Regardless, I was riveted. I realized that I’d been missing the point to focus on the weight of her words. What made them remarkable was their nakedness. Everything we’d said and done prior felt like it could have been lifted and, with a nip here, a tuck there, surgically grafted onto any pair of reunited twenty-somethings. But her unguarded vulnerability was rare, authentic and unique. Private anxieties had breached the levees and come pouring from her mouth. It must have felt liberating. I wanted to try it.

“I saw Carly at a party a month or so ago. She was smiling, chatting, her usual self; clearly coked out of her mind. When I said hello she accidentally knocked a glass of wine onto the carpet. It was white wine so no stain and the glass didn’t break but her face collapsed. She looked hopelessly sad. We dabbed paper towels and she seemed fine after. But her face haunts me.”
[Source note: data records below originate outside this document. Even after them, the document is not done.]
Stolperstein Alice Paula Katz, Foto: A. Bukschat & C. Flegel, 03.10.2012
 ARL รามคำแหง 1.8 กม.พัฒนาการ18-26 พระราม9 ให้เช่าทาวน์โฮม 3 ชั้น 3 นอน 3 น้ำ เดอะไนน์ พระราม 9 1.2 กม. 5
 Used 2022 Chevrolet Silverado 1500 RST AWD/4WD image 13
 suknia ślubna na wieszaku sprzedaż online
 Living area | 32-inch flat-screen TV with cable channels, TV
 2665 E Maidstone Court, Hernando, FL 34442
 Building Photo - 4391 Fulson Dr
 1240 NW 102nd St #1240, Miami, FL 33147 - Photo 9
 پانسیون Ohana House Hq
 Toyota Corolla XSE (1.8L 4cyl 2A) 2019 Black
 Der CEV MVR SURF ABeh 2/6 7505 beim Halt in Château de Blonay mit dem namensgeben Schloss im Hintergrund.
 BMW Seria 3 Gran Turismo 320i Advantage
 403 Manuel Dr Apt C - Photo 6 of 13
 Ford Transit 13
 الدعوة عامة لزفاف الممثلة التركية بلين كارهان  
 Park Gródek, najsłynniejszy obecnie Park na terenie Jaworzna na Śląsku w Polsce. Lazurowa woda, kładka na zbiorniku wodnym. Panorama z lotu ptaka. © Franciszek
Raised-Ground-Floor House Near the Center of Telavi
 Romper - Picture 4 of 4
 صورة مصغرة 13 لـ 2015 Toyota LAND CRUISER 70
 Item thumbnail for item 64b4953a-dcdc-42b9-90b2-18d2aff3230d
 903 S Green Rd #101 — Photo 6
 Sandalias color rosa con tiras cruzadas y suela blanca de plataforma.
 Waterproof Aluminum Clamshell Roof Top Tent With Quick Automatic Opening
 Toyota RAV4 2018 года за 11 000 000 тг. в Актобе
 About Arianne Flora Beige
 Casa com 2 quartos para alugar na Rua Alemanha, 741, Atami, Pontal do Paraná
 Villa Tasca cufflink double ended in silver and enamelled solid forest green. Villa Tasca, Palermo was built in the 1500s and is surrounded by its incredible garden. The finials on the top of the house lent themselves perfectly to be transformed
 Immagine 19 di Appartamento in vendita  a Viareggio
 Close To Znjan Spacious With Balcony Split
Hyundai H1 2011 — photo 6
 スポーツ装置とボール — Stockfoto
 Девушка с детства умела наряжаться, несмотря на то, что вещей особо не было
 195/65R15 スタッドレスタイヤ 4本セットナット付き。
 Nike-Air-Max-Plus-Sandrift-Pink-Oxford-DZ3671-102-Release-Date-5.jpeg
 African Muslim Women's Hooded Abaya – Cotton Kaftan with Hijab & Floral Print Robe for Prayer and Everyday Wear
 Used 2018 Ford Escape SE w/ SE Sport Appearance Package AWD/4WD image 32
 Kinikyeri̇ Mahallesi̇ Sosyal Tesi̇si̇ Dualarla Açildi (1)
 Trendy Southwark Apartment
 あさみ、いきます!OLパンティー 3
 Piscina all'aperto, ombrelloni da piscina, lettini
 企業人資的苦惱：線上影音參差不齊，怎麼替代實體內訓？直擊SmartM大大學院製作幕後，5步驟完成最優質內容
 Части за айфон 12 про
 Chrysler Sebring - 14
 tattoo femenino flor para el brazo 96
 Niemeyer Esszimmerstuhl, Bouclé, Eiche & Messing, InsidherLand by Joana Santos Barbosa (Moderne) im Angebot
Maria wore the same puzzled, vaguely bemused expression as when I brushed against her leg earlier. Whatever liberation I’d hoped for, whatever depths I intended to reveal, whatever new level of intimacy I thought we might reach, whatever it was I’d been going for, her face made clear that I’d missed the mark.

Thoughts collided, feelings jumbled. Of course she’d look puzzled. I’d witnessed a confessional fugue, something spontaneous, genuine and beautiful, and then shoved myself into the same frame of mind, like a foot shoe-horned into a too-tight loafer. Or, more aptly, I’d again played the child, a little boy dressed in my father’s suit trying to imitate behavior I wasn’t mature enough to handle. At least I’d been honest–I truly hadn’t known what would burst forth when I began to speak and if nothing else I’d learned something about myself and how affected I’d really been by my encounter with Carly. But maybe that sincerity failed to translate, maybe I’d merely sounded catty and mean. Or maybe I’d seemed callous and self-centered for ignoring her comments and embarking straightaway on my own.

It dawned on me suddenly that no one from the restaurant had led us to this particular table, that she had taken my hand and brought us here herself, beside the melancholy, snow-covered patio. What was it she found so transfixing about the view? Why had she chosen to confide in me, of all people? Was I special? Or, thinking back on all she hadn’t known about supposedly close friends, had I misjudged the depth of her relationships all along? Was that why she’d planned our dinner? Was I there because she had no one else?

I was exhausted.

Todd returned, asked after our meals and placed the check on the table. “No rush, when you’re ready,” he said. We both were.

While we waited for Todd to bring the receipts we resorted to small talk. “Seems like a particularly cold winter this year,” I heard myself say. My eyelids felt heavy.

There were no heads left to turn as we made our way out and it occurred to me that maybe they never did anyway, that maybe the effect she had was not to make them turn but to make you think they might. And who’s to say that isn’t the greater gift?

The temperature had dropped during dinner and the wind continued to howl. She was headed uptown, I was going down. We hugged and kissed goodbye outside the restaurant and walked to subway stations in opposite directions. I had not the faintest inkling of what our next interaction would be.